Supplied records:
Segment Open

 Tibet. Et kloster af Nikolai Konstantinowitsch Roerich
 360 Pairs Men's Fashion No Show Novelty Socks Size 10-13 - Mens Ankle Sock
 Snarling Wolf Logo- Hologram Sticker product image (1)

Segment Closed
Segment Open

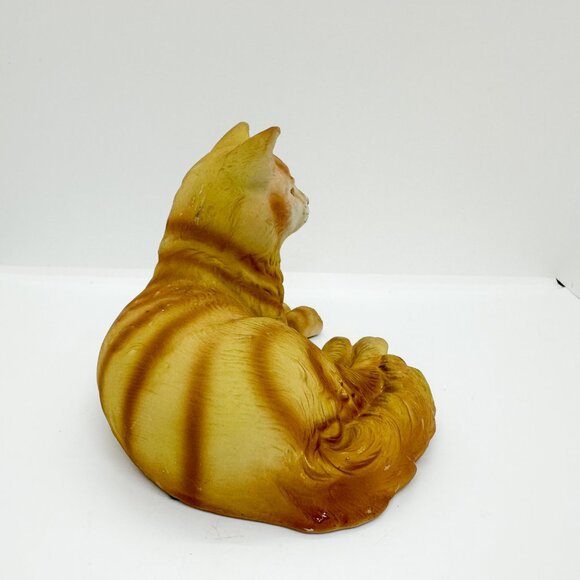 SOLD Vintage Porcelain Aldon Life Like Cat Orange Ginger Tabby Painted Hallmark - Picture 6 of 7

Segment Closed
Segment Open

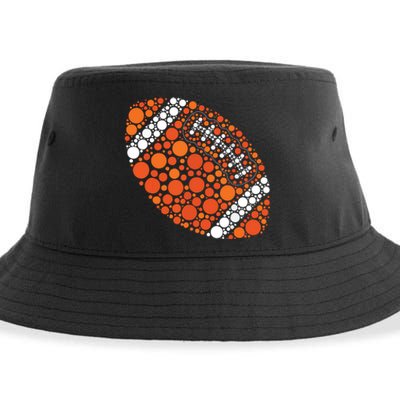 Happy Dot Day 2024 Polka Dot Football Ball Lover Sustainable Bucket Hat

Segment Closed

Brief: Starting at the line that has "Tibet. Et kloster" in the records above, restate word for word every line until the one that has "Snarling Wolf Logo- Hologram", and include that one as well.

The answer:
 Tibet. Et kloster af Nikolai Konstantinowitsch Roerich
 360 Pairs Men's Fashion No Show Novelty Socks Size 10-13 - Mens Ankle Sock
 Snarling Wolf Logo- Hologram Sticker product image (1)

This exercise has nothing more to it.